[Exercise materials Boundary: Start]

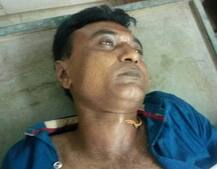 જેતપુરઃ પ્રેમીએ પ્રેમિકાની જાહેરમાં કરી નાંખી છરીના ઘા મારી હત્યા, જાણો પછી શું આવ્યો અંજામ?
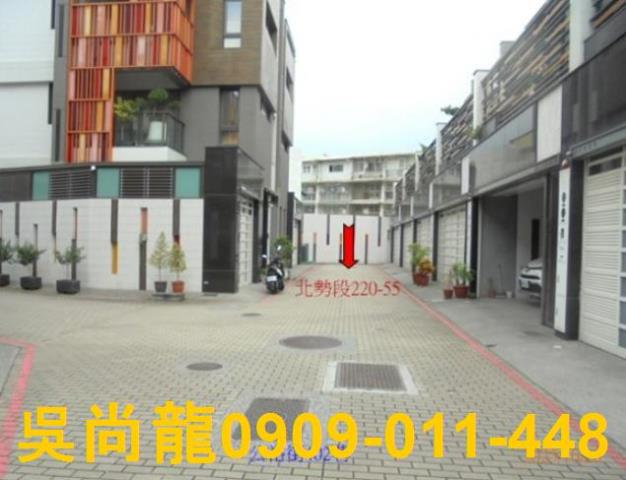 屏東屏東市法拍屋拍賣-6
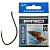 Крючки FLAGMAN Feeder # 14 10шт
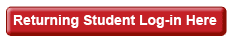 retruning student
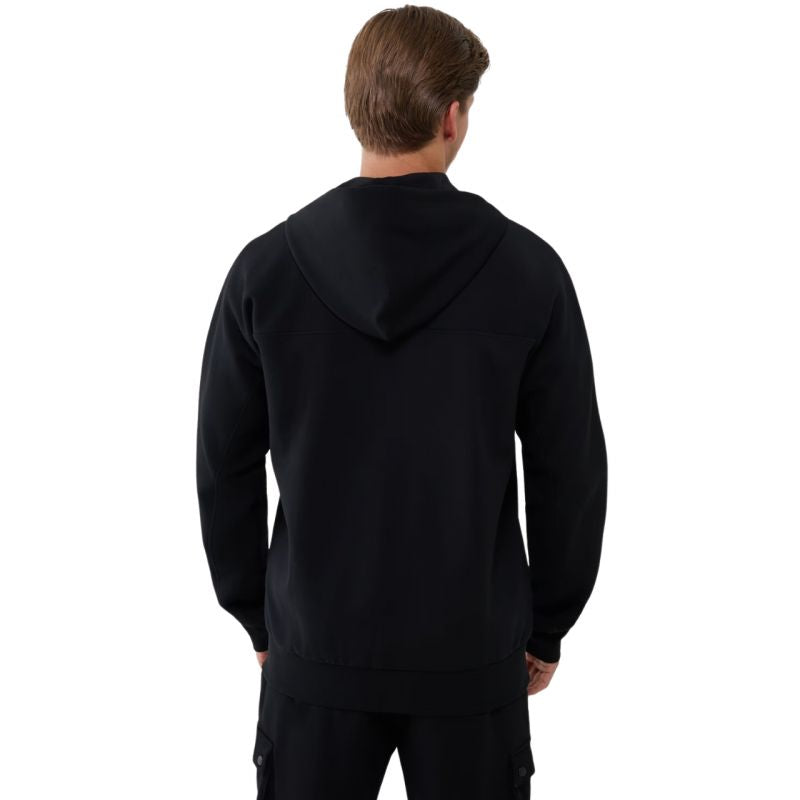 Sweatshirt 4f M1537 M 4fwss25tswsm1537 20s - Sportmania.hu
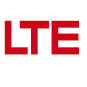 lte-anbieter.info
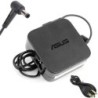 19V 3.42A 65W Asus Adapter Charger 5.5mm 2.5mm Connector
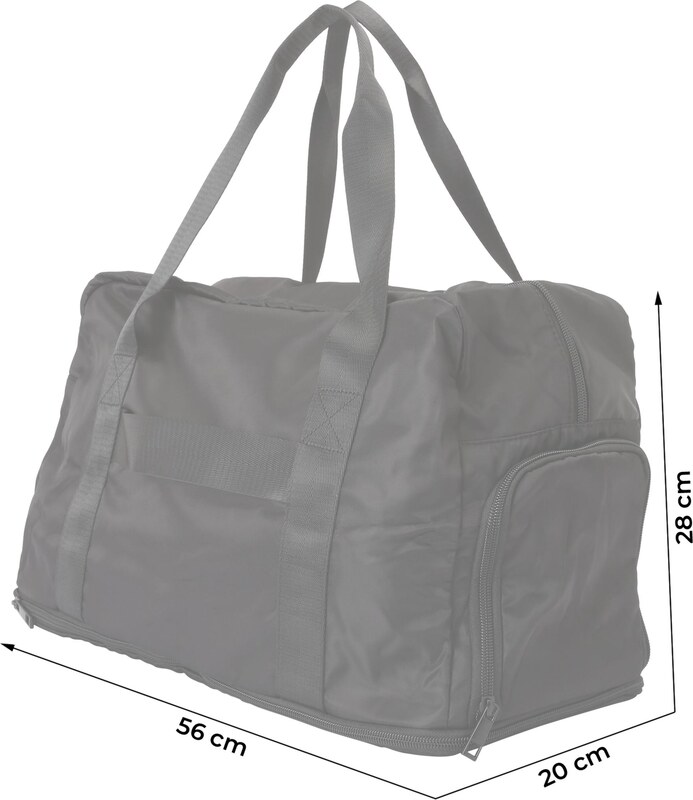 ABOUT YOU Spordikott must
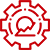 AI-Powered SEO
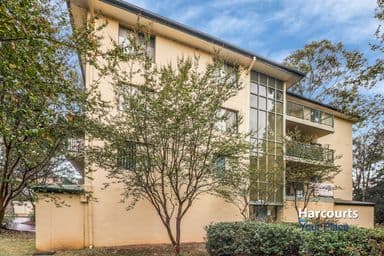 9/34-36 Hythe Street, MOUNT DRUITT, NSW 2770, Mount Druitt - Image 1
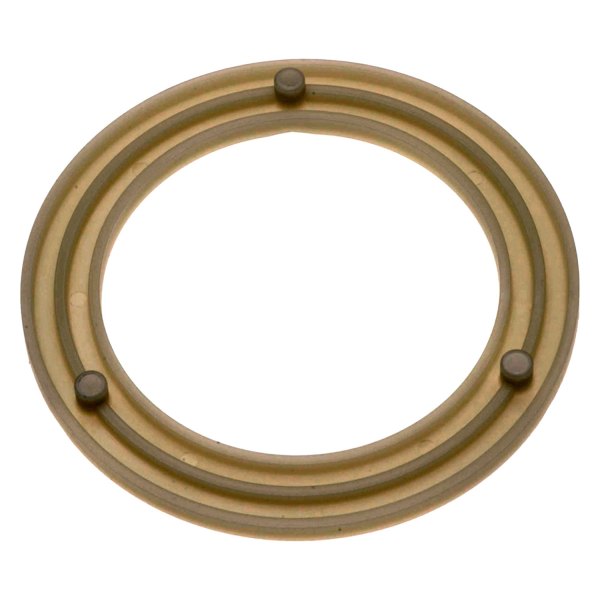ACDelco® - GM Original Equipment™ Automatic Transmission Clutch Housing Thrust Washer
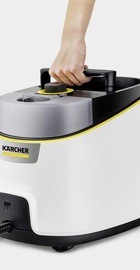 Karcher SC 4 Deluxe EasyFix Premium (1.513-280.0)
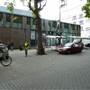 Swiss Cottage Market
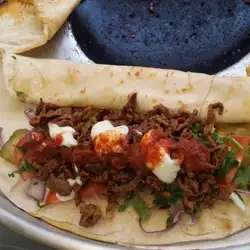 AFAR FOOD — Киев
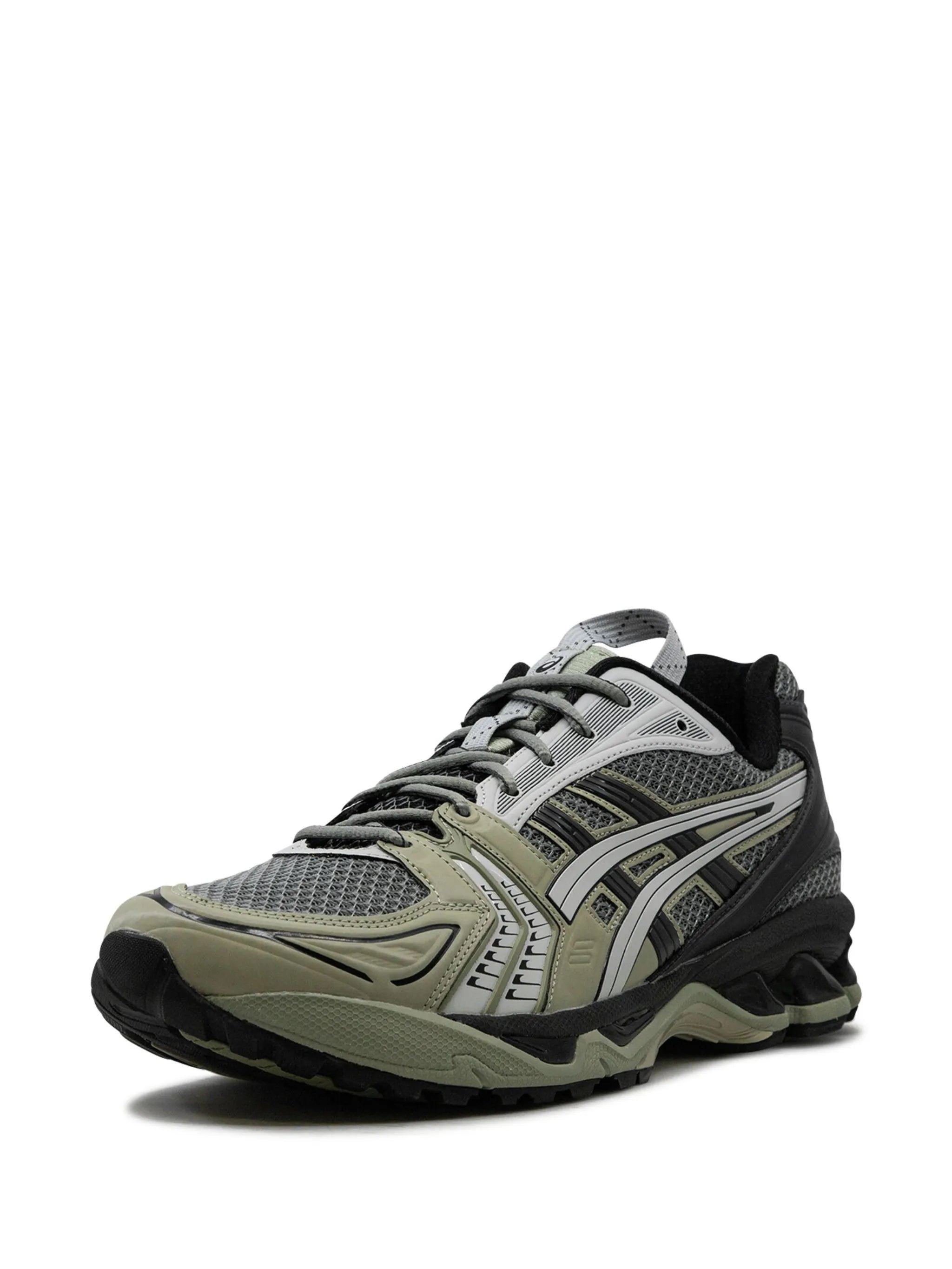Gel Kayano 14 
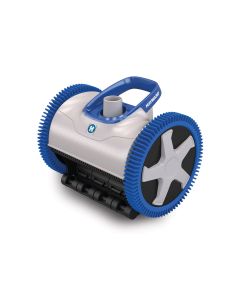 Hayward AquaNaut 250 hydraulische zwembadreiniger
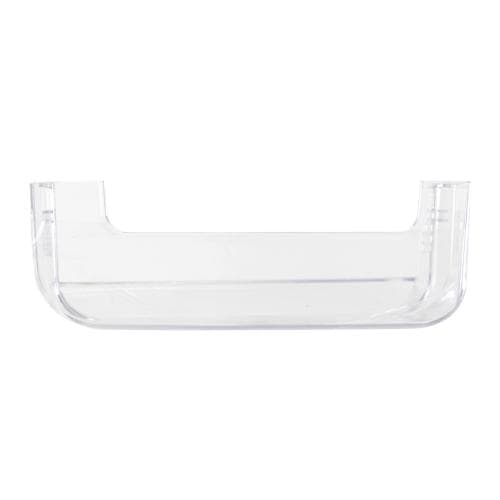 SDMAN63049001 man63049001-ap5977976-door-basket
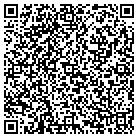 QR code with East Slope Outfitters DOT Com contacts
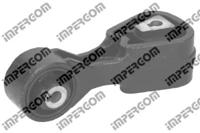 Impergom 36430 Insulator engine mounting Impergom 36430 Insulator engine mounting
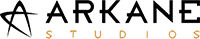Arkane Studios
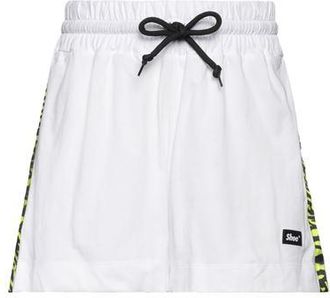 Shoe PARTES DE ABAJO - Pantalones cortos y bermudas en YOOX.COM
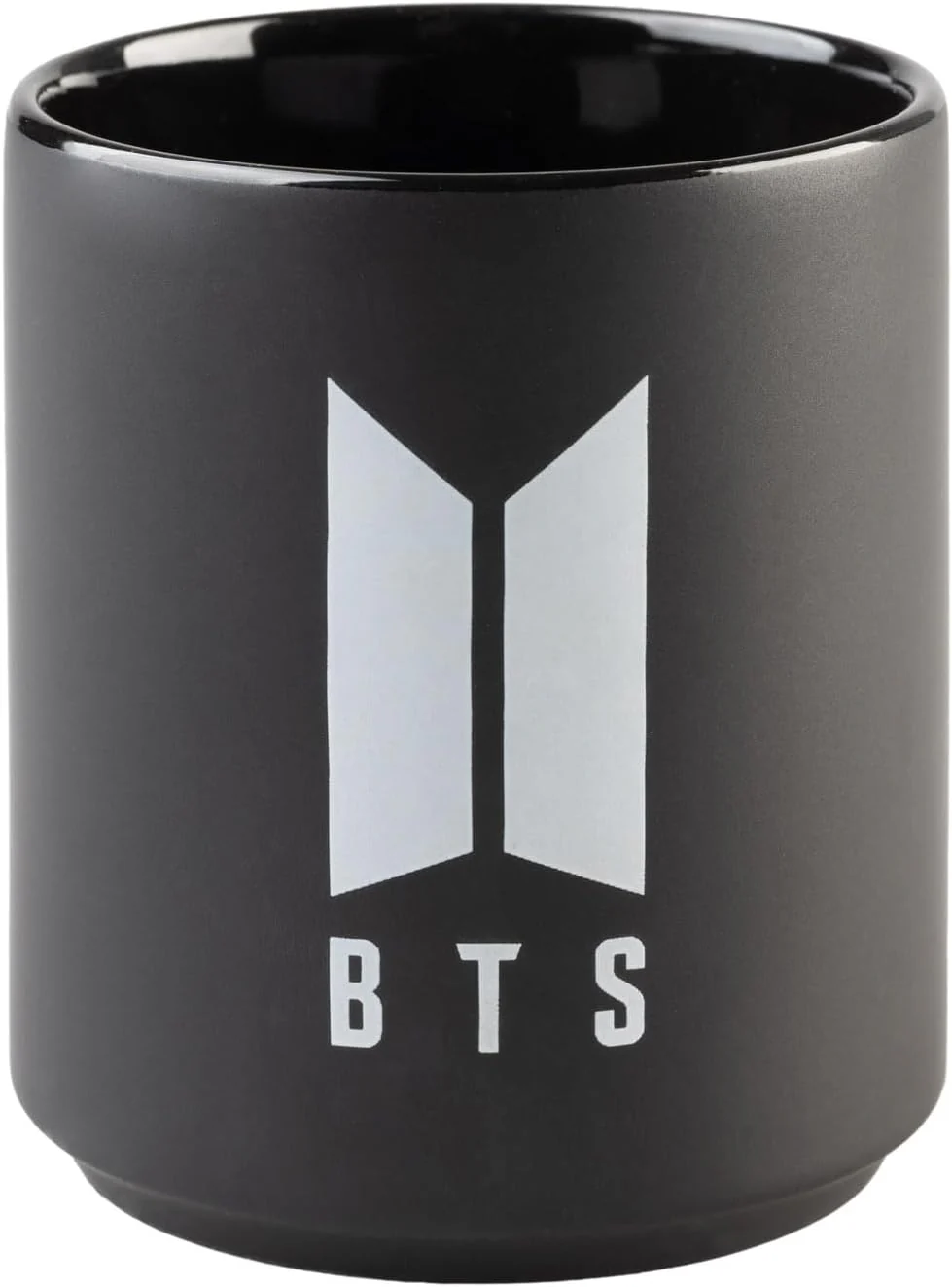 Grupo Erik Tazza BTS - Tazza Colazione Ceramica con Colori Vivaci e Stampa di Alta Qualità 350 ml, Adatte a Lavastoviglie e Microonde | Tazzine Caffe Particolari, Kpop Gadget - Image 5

[Exercise materials Boundary: End]

▸ Prompt
Reproduce the data word for word; no pictures.

▸ Exercise solution
 જેતપુરઃ પ્રેમીએ પ્રેમિકાની જાહેરમાં કરી નાંખી છરીના ઘા મારી હત્યા, જાણો પછી શું આવ્યો અંજામ?
 屏東屏東市法拍屋拍賣-6
 Крючки FLAGMAN Feeder # 14 10шт
 retruning student
 Sweatshirt 4f M1537 M 4fwss25tswsm1537 20s - Sportmania.hu
 lte-anbieter.info
 19V 3.42A 65W Asus Adapter Charger 5.5mm 2.5mm Connector
 ABOUT YOU Spordikott must
 AI-Powered SEO
 9/34-36 Hythe Street, MOUNT DRUITT, NSW 2770, Mount Druitt - Image 1
ACDelco® - GM Original Equipment™ Automatic Transmission Clutch Housing Thrust Washer
 Karcher SC 4 Deluxe EasyFix Premium (1.513-280.0)
 Swiss Cottage Market
 AFAR FOOD — Киев
Gel Kayano 14 
 Hayward AquaNaut 250 hydraulische zwembadreiniger
 SDMAN63049001 man63049001-ap5977976-door-basket
 QR code with East Slope Outfitters DOT Com contacts
 Impergom 36430 Insulator engine mounting Impergom 36430 Insulator engine mounting
Arkane Studios
 Shoe PARTES DE ABAJO - Pantalones cortos y bermudas en YOOX.COM
 Grupo Erik Tazza BTS - Tazza Colazione Ceramica con Colori Vivaci e Stampa di Alta Qualità 350 ml, Adatte a Lavastoviglie e Microonde | Tazzine Caffe Particolari, Kpop Gadget - Image 5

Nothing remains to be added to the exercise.